Friday, June 20, 2008
The problem of moving a large file from point A, to point B, is one that occurs regularly with distributed production teams. Most productions resort to sending hard drives or DVDs via courier. I just last week had to send eight packages of DVDs to points around the world. What a pain.
I’ve been looking into adding a “set it and forget it” asset transfer to ShotRunner and it seems like a piece-wise torrent prototocol is the ticket. Still doing research, but looking for a protocol that would keep the chunk size small, that could be throttled back to consume some fraction of the available bandwidth, that is secure, and that would be undetectable by ISPs.

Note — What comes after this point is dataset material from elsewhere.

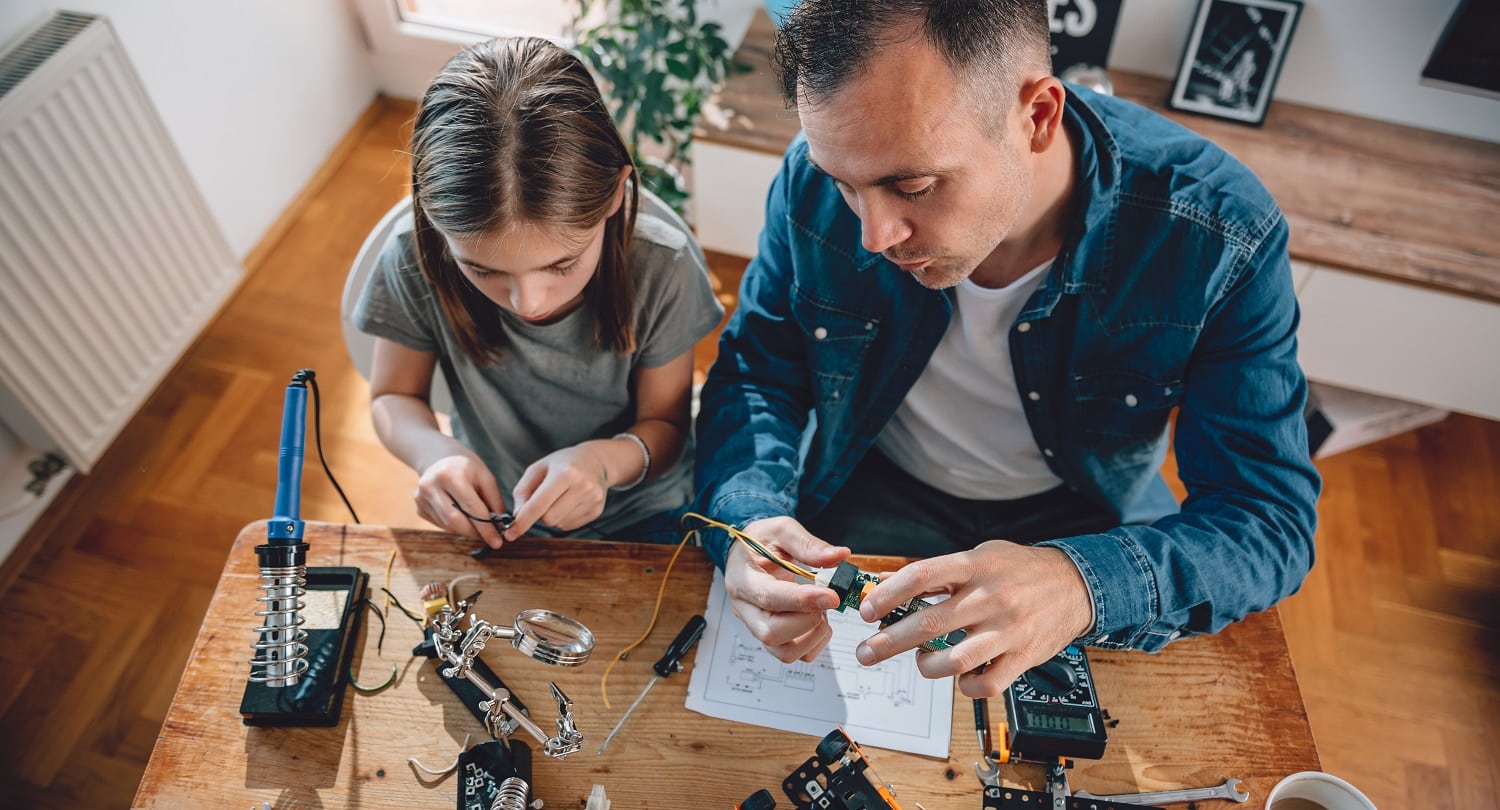 Father and daughter sitting by the wooden table holding circuit board and building robot at home as a school science project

I want to build a facility that lets you say: “I need these plates to be in Zimbabwe by next Tuesday” and the system computes how to make it happen, and does the transfer.
As my buddy Martin Weber points out, torrents are very robust as the files are broken down into manageable chunks, and every chunk has its own checksum to verify whether the transfer was OK. If a chunk gets corrupted during the transfer, the client notices it immediately and the chuck is transferred again. Partial or corrupted chunks are discarded.

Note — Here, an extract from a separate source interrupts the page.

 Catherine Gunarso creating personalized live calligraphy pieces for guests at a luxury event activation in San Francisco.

The peer-to-peer aspect of a torrent protocol won’t help us much as most assets simply need to arrive in one location. But dailies for feedback and approval, ah ha! That’s another story.
Incidentally, in my tests I’ve found that SFTP is a completely different beast from FTP and, aside from being secure, seems to be far, far more reliable than FTP. My upload speeds are abysmal, 56KB/sec, but I’ve been able to routinely upload 1-2GB files over SFTP.